Your task.
Return exactly, please, the lines from the one containing "Plaid Sunflower Placemats" to the last line of the entries below, and nothing else, leaving pictures out.
━━━
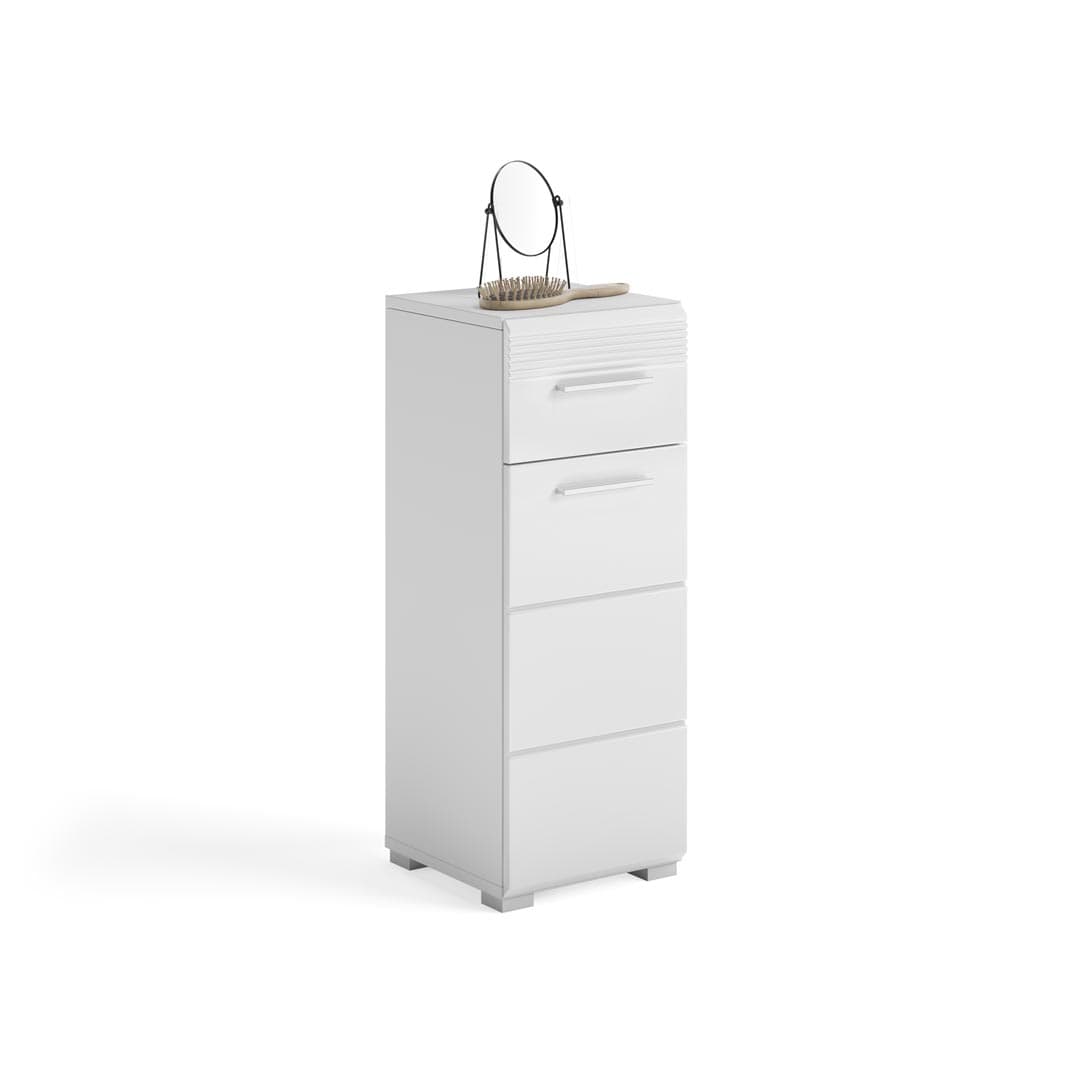 Linus Badschrank 1 Tür, 1 Schublade Hochglanz weiß,weiß.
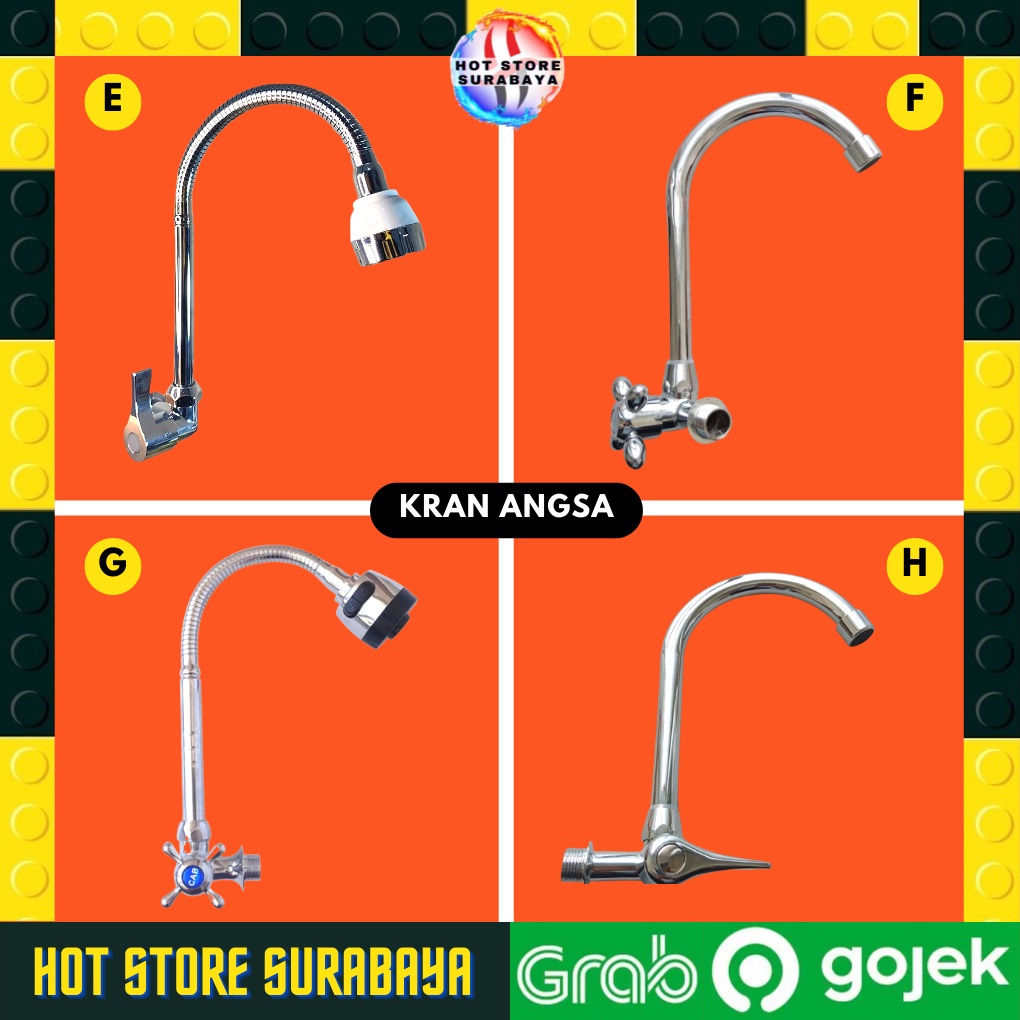 KRAN ANGSA CUCI PIRING KERAN SHOWER WASTAFEL LEHER ANGSA FLEKSIBEL / FLEXIBLE 1/2 INCH CHROME TEMBOK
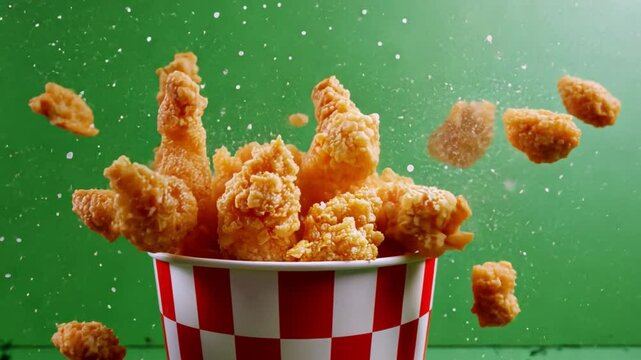 Crispy Chicken Explosion:  A vibrant, dynamic shot of crispy fried chicken pieces bursting from a red and white checkered bucket against a lively green background.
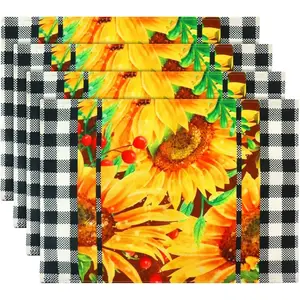 Plaid Sunflower Placemats Set of 4, Heat-Resistant Floral Rustic Vintage Table Place Mats, Washable Seasonal Holiday Decoration Dining Table Place Mats for Party Dining Decoration 13x18 Inch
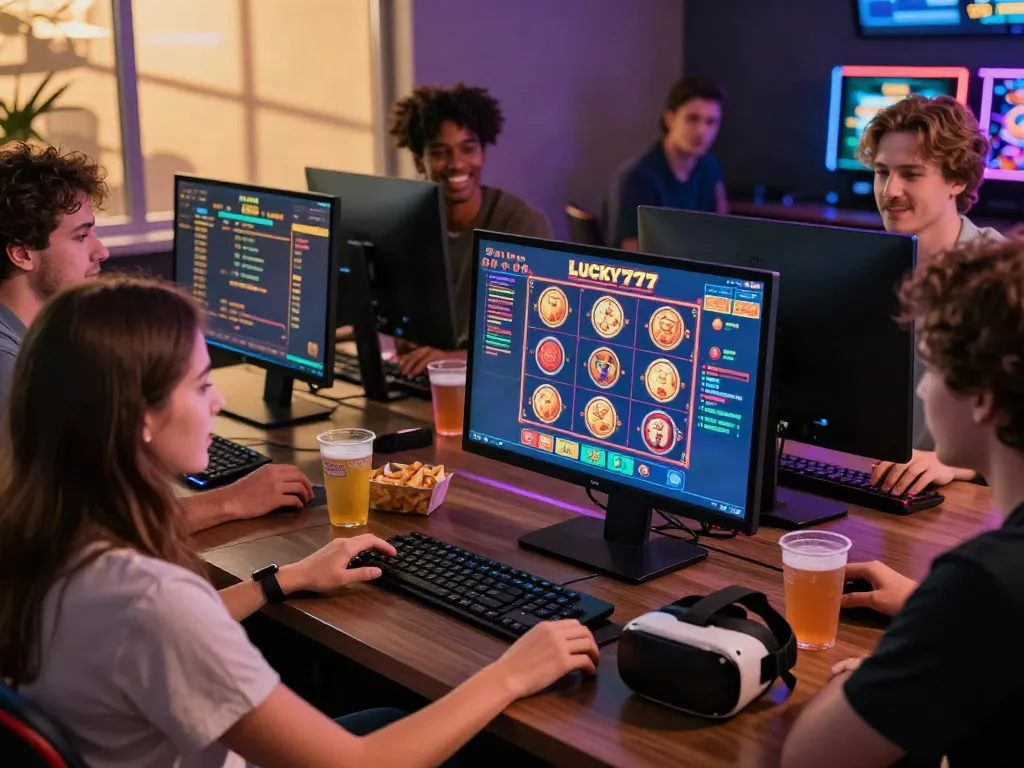 Group enjoying Lucky777 online gaming with vibrant slots and snacks.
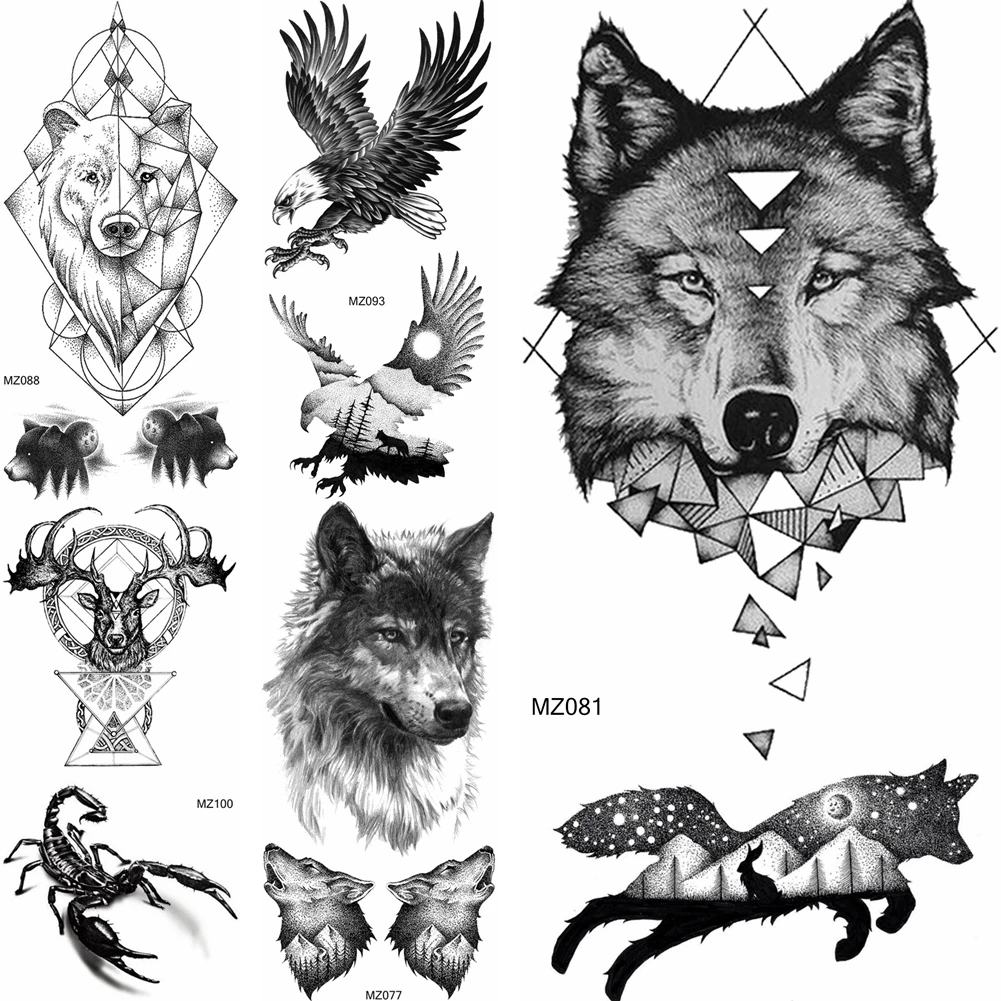 

Fashion Wolf Temporary Tattoos Fake Elk Scorpion Planets Coyote Tatoos Waterproof Geometric Totem Tatoo For Adult Body Art Decor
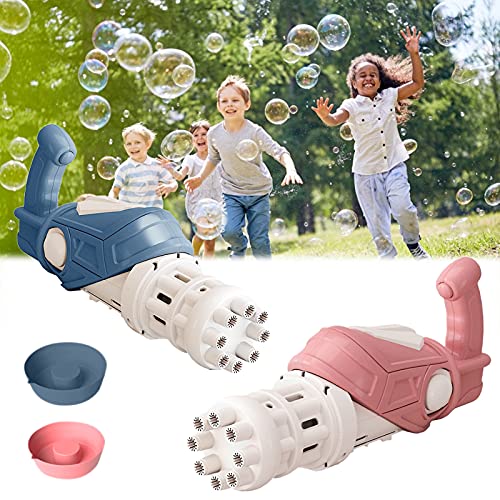 Bubble Machine, Gatling Bubble Machine, 8-Hole Bubble Blower, Automatic Bubble Blowing Machine Electric 40ML (Pink, Without Bubble Water)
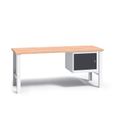 Werkbank mit Holzarbeitsplatte G3, festes Gestell, 1700 mm, 1x Schrank, Graphit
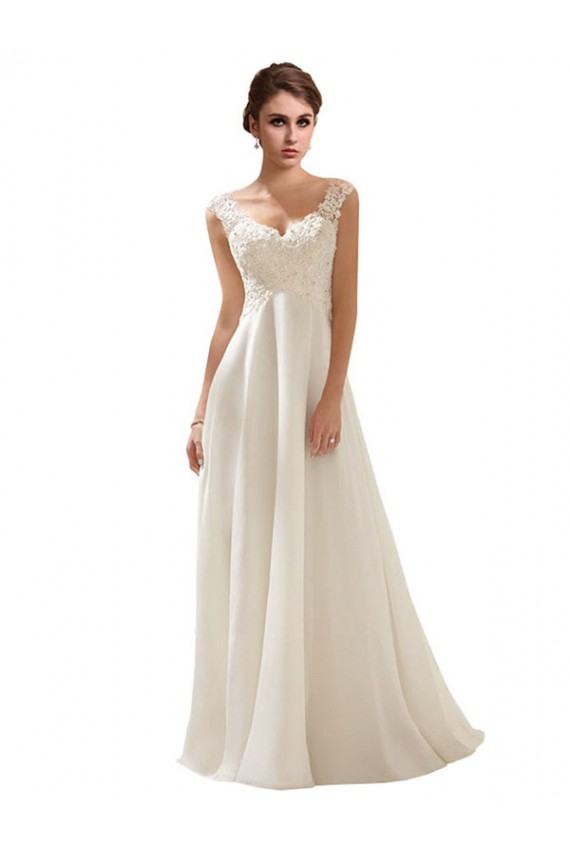 Elfenbein A-Linien V-Ausschnitt Sweep Zug Chiffon Spitze Brautkleider Websites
━━━
Response.
 Plaid Sunflower Placemats Set of 4, Heat-Resistant Floral Rustic Vintage Table Place Mats, Washable Seasonal Holiday Decoration Dining Table Place Mats for Party Dining Decoration 13x18 Inch
 Group enjoying Lucky777 online gaming with vibrant slots and snacks.

Fashion Wolf Temporary Tattoos Fake Elk Scorpion Planets Coyote Tatoos Waterproof Geometric Totem Tatoo For Adult Body Art Decor
 Bubble Machine, Gatling Bubble Machine, 8-Hole Bubble Blower, Automatic Bubble Blowing Machine Electric 40ML (Pink, Without Bubble Water)
 Werkbank mit Holzarbeitsplatte G3, festes Gestell, 1700 mm, 1x Schrank, Graphit
 Elfenbein A-Linien V-Ausschnitt Sweep Zug Chiffon Spitze Brautkleider Websites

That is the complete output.